EXERCISE INPUTS:
══════
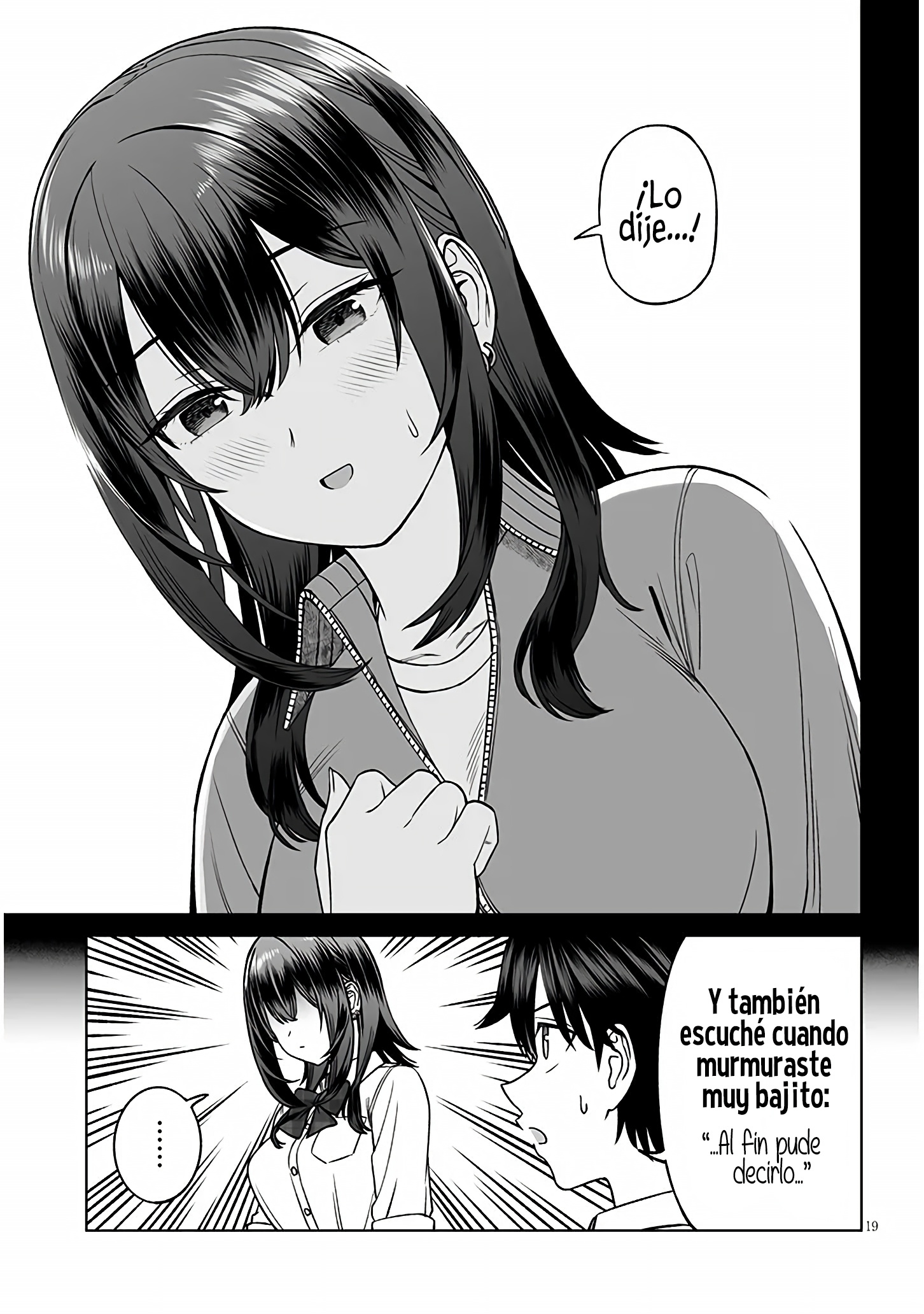 Oji-sama no tomodachi Capitulo 38 página 22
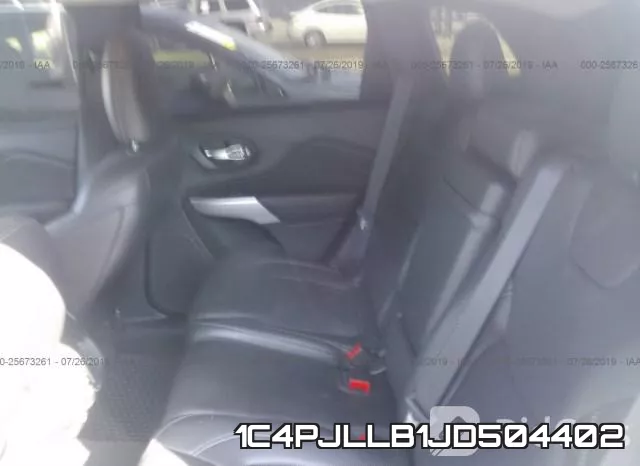 1C4PJLLB1JD504402 фото 9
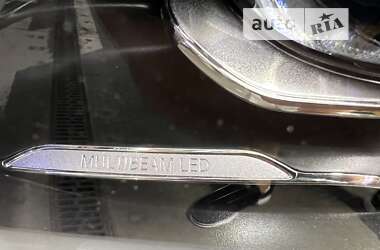 Купе Mercedes-Benz E-Class 2019 в 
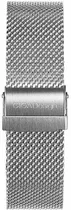 Pulseira de Relógio Ciga Design Milanese Z011-1W-s - Prata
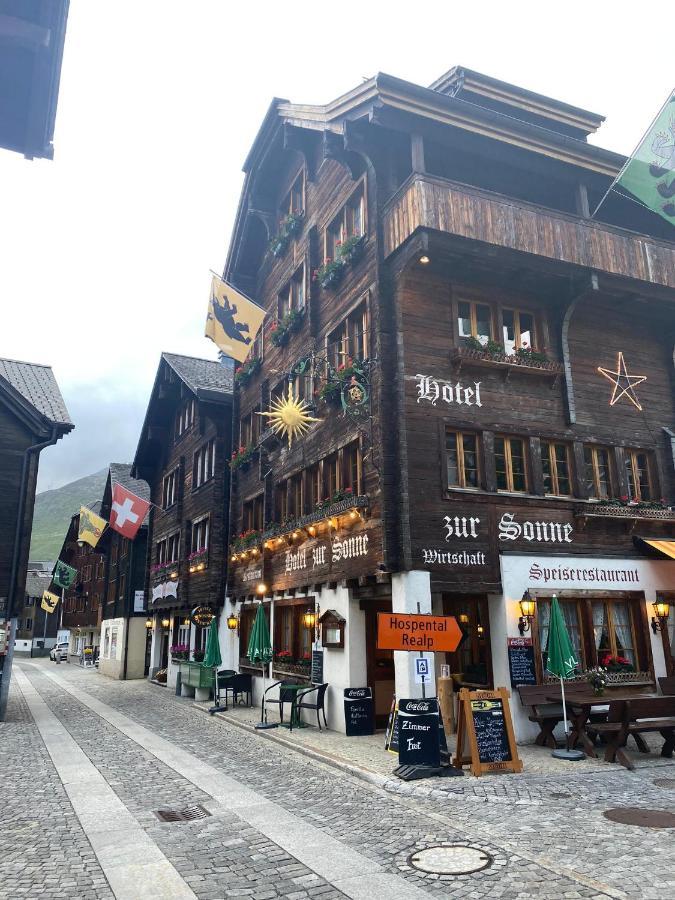 Swiss Accomodation Andermatt Eksteriør billede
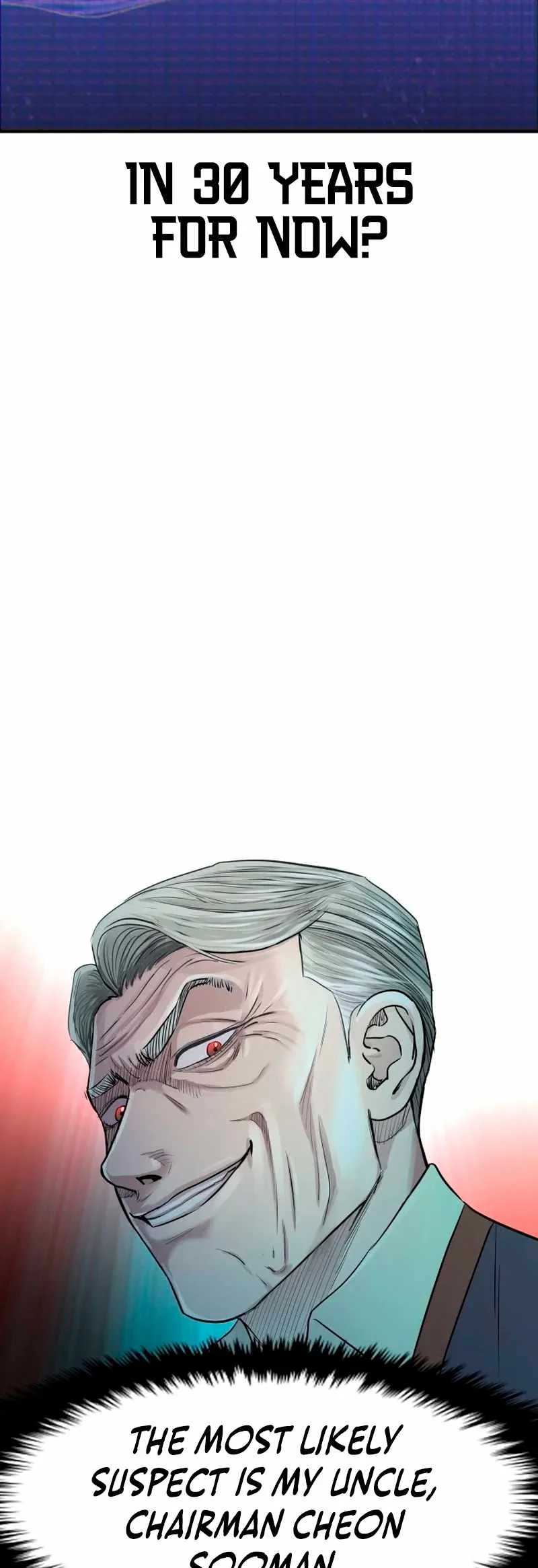 Genius Grandson of the Loan Shark King Chapter 3 page 7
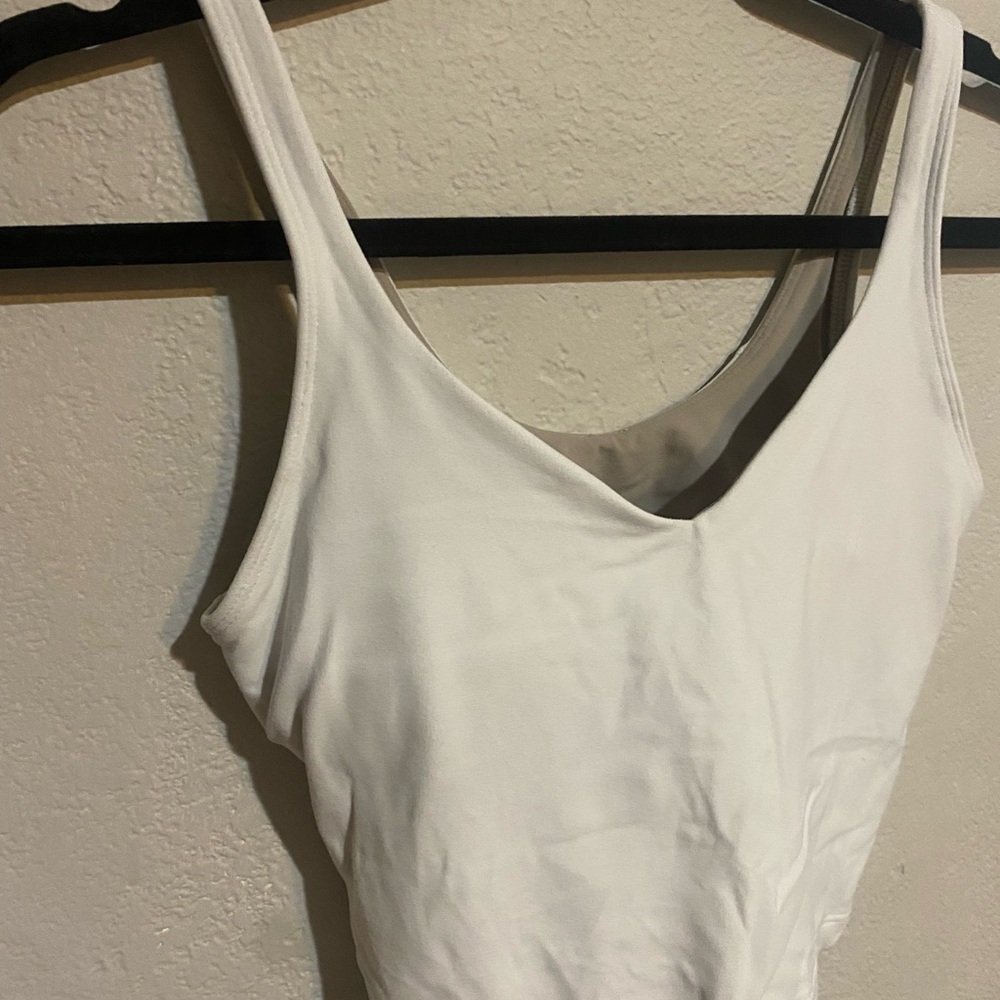 Lululemon Align Tank Size 4 - Picture 3 of 4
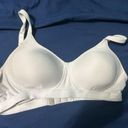 Hanes White Bralette Photo 0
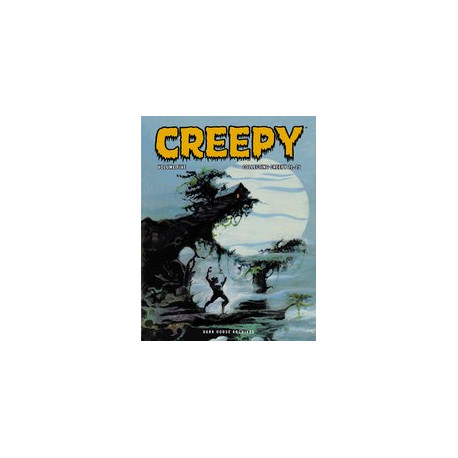 CREEPY ARCHIVES HC VOL 5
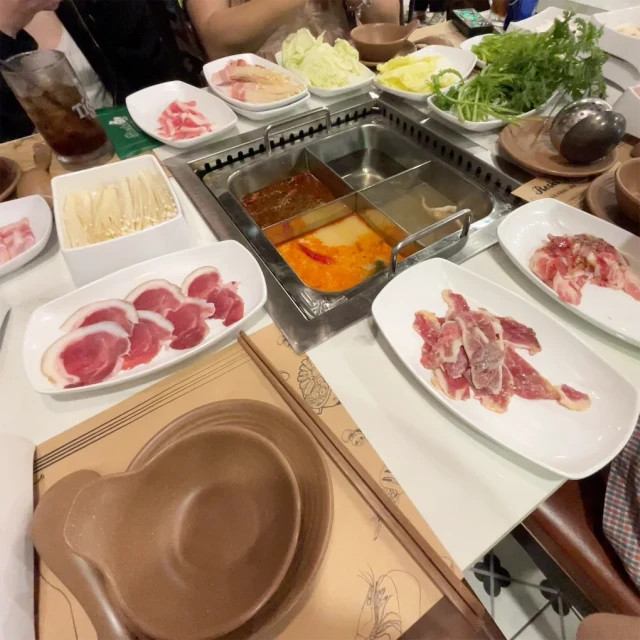 Reski Hotpot - Tên Lửa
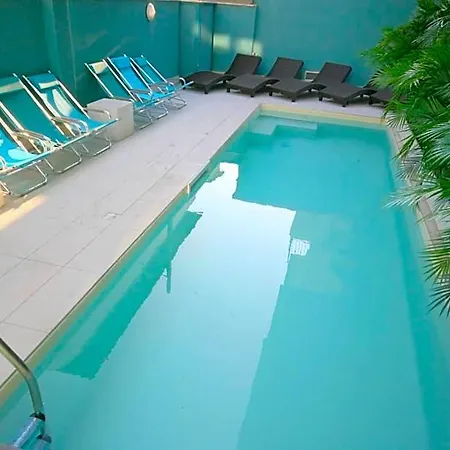 Aparthotel Paradise 4*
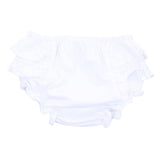 Essentials Diaper Cover with White Trim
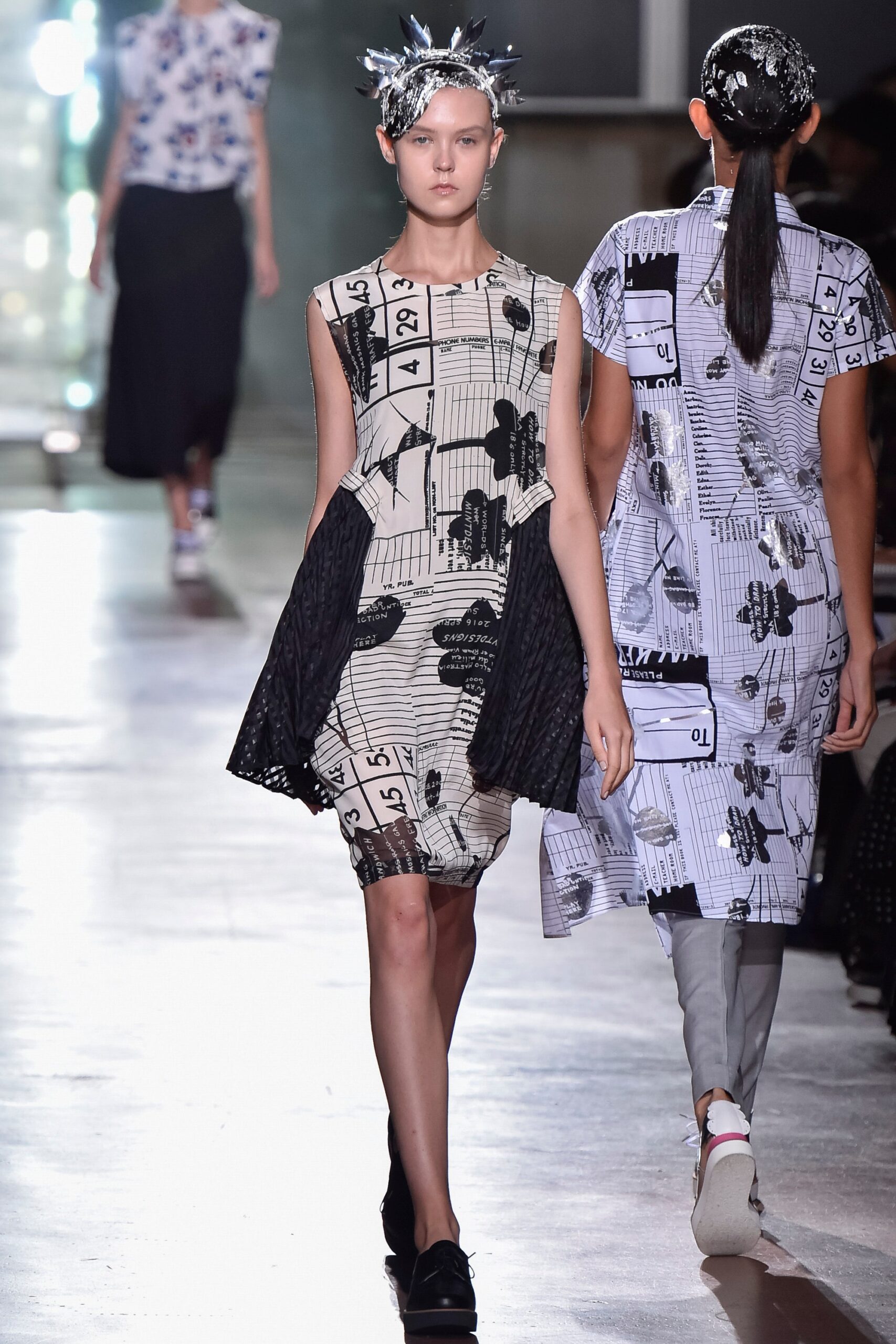 Mint Designs Tokyo S/S 16 Look 18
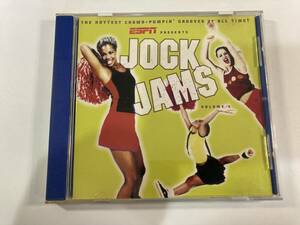 【1】【ジャンクCD】10551 ESPN Presents Jock Jams Volume 2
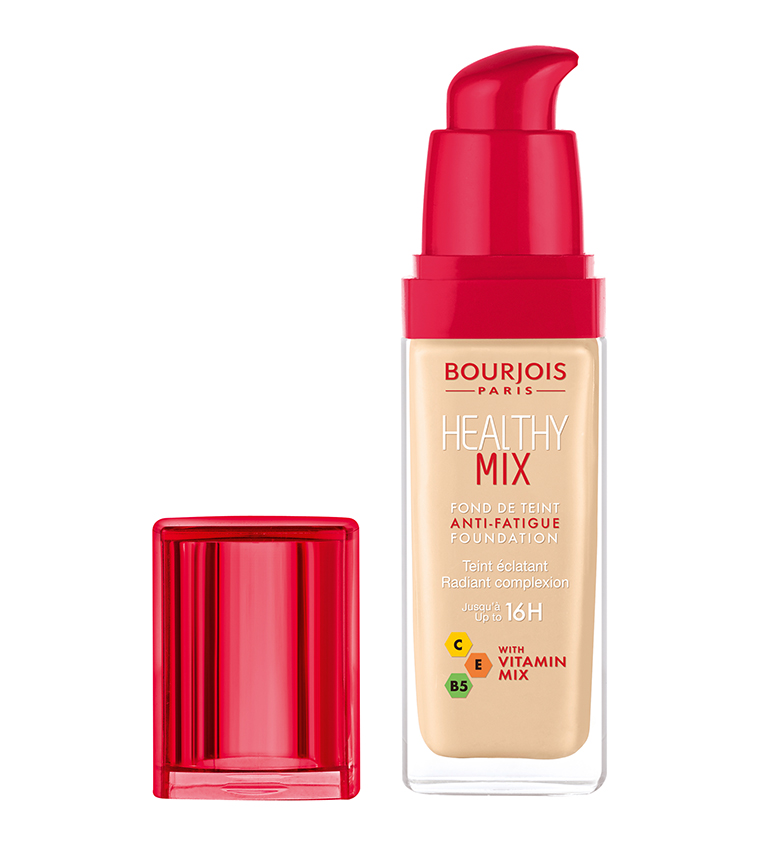 كريم أساس هلثي مكس من برجوا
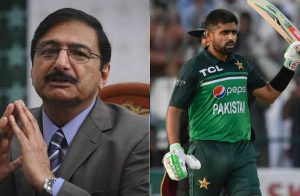 Zaka Ashraf Reveals Who will Decide Babar Azam’s Captaincy Future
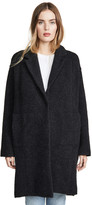 Thumbnail for your product : Vince Notch Collar Cardigan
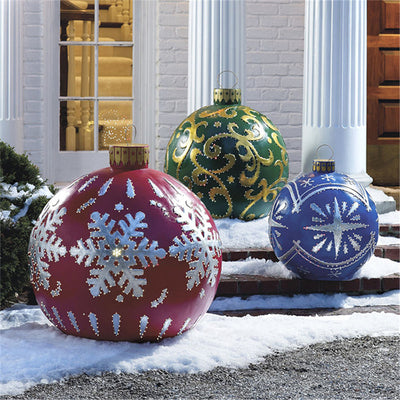 Christmas Ornament Ball Outdoor
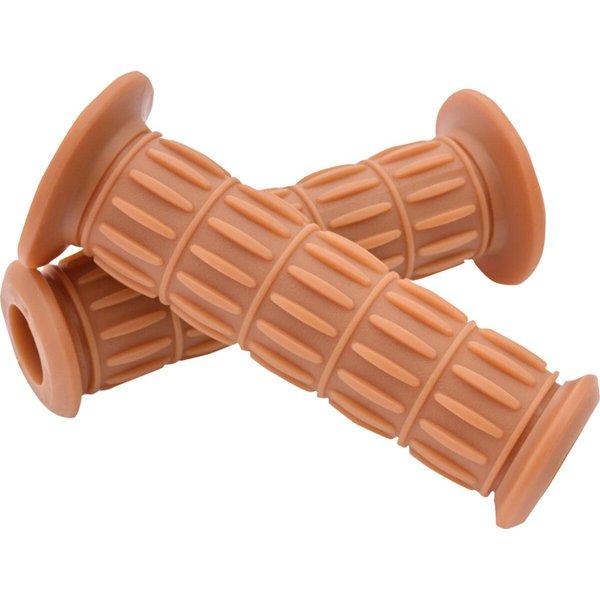 33520 - Daytona "GRIPPYGRIP" GGD-Classic Grips - Gum Rubber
══════
Starting at the line that contains "Essentials Diaper Cover with White Trim", retype every line through the end of the material exactly as written, including both end lines but no pictures.

ANSWER BOX:
 Essentials Diaper Cover with White Trim
 Mint Designs Tokyo S/S 16 Look 18
 【1】【ジャンクCD】10551 ESPN Presents Jock Jams Volume 2
 كريم أساس هلثي مكس من برجوا
 Zaka Ashraf Reveals Who will Decide Babar Azam’s Captaincy Future
 Thumbnail for your product : Vince Notch Collar Cardigan
 Christmas Ornament Ball Outdoor
 33520 - Daytona "GRIPPYGRIP" GGD-Classic Grips - Gum Rubber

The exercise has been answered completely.